Regulation and competition biggest danger to operators, not recession

While some operators are claiming the economic downturn is the cause for their poor financial results (see T-Mobile‘s latest cries of pain), a study conducted by the market research firm Ovum claims increasing regulation and competition are the twin challenges mobile operators should focus upon.

Ovum maintains that, while it might be acceptable to worry about a recession-induced reduction in business travel and its impact on roaming revenues, the EU-mandated cut in roaming fees has had a far bigger impact on mobile operators' roaming revenues. The same applies to demands for lower mobile termination rates, new government taxes and spectrum liabilities.

However, Ovum's research did not show up any systemic decline in the number of revenue-generating customers (even in markets where migrant workers are leaving, customer numbers are still rising), it did note recession posed three key risks:

  • Fewer revenue-generating customers
  • Less revenue per customer
  • Lower value of generated revenues (from currency fluctuations).
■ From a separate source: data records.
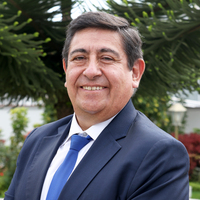 Walter Enrique Zegarra Figueroa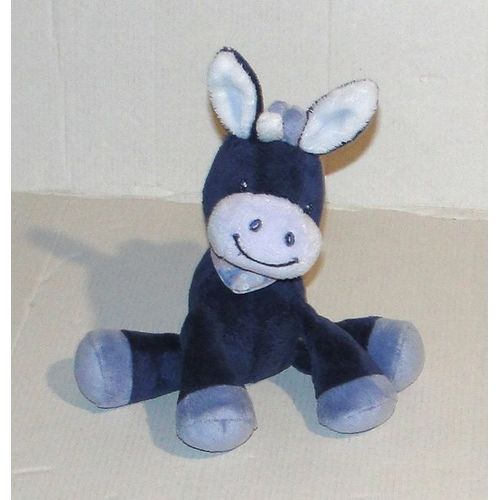 doudou ane nattou peluche model 21 cm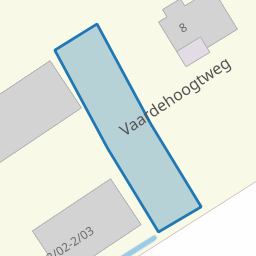 Perceel SOE00-G-11912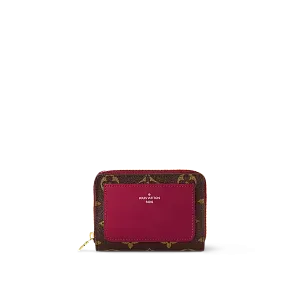 Louis Vuitton Кошелек Lou - фото 1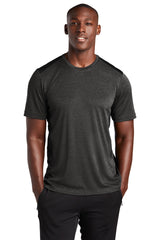Sport-Tek Men's Endeavor Tee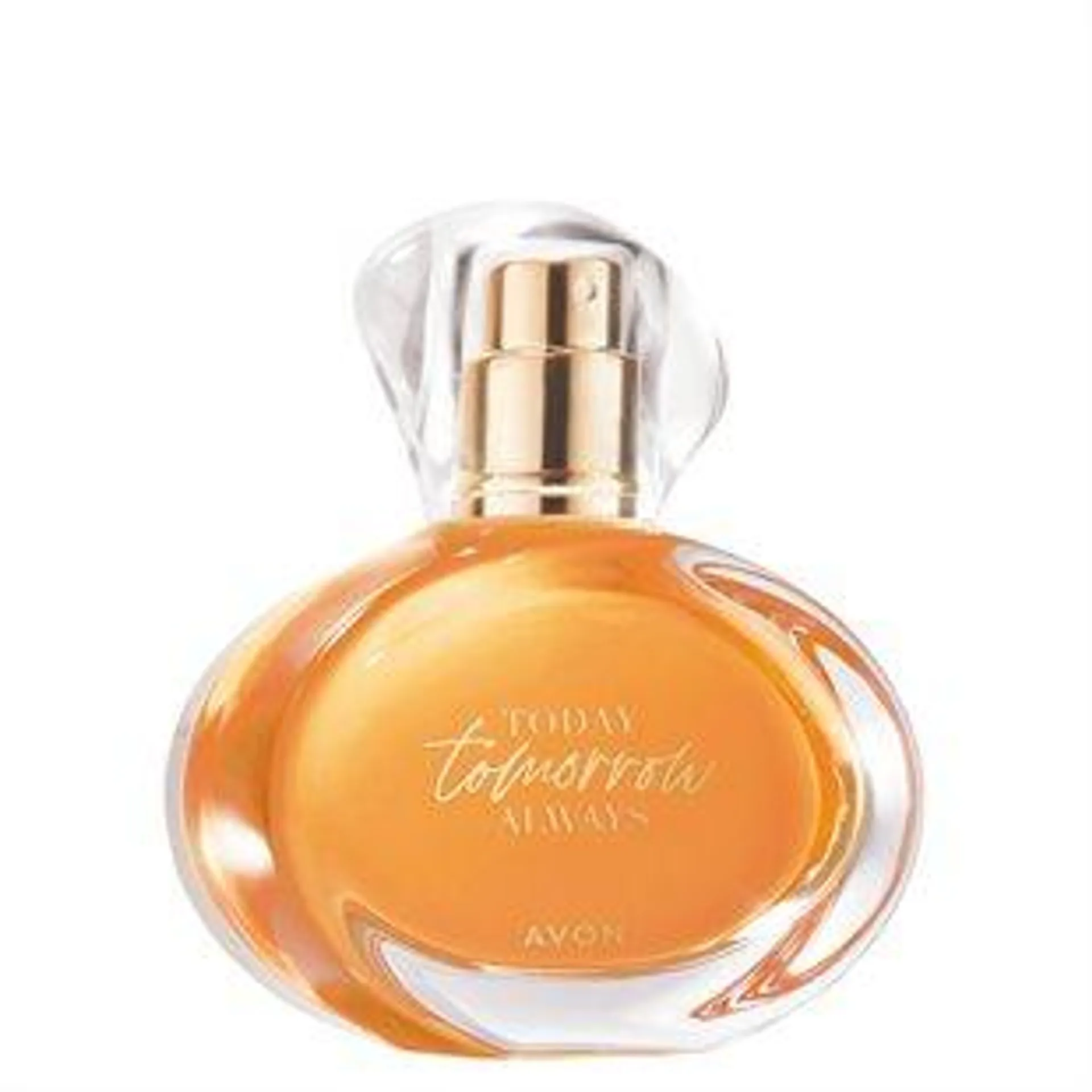 Apă de parfum TTA Tomorrow pentru Ea, 50 ml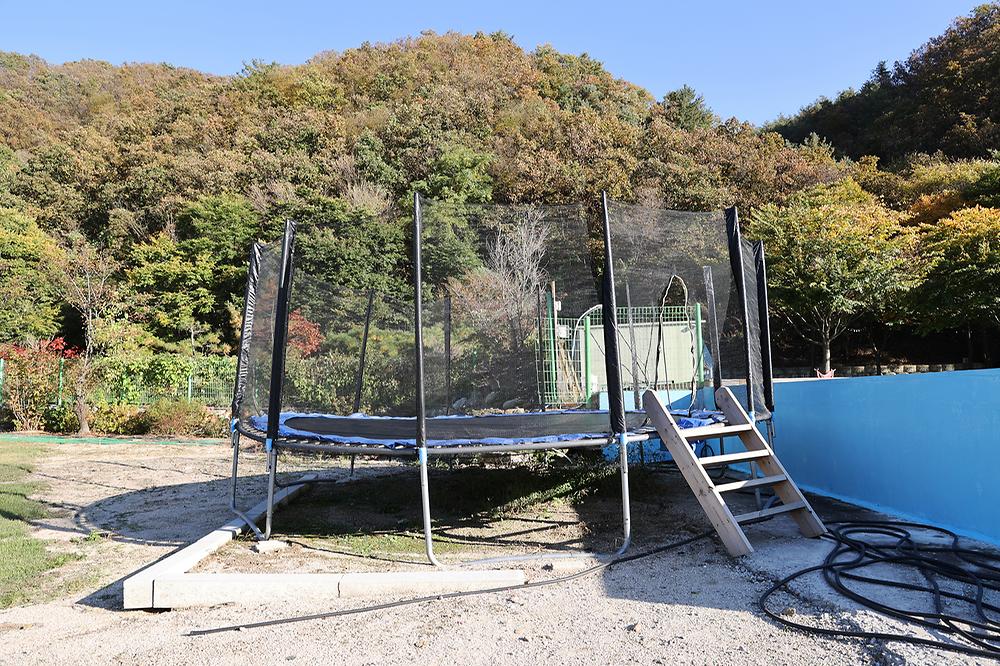 메이플글램핑카라반2호점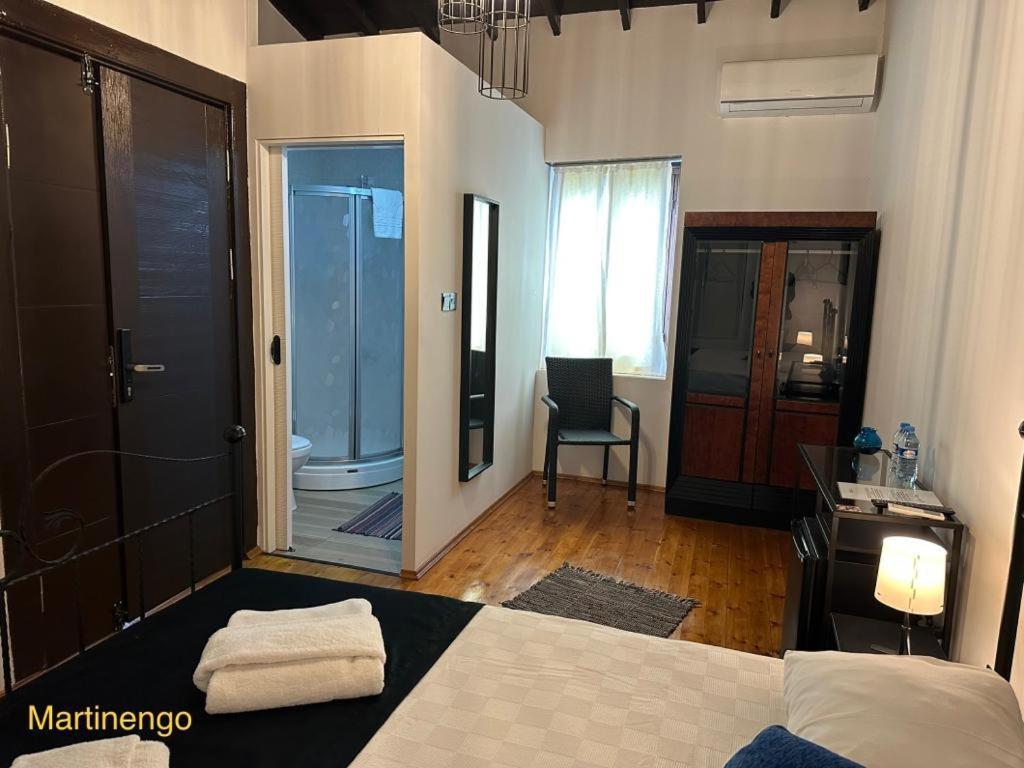 Jasmine Lodge Famagusta  Ngoại thất bức ảnh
While each of these could potentially undermine the mobile operator's business, currency fluctuation is the most dangerous as there is little operators can do about it. "Frustratingly, no matter how well an operator performs locally, if the value of its local currency falls compared to the US dollar or euro then the operator suffers. Keeping repayments on dollar- or euro-denominated loans becomes more costly and funding new network rollouts becomes very expensive."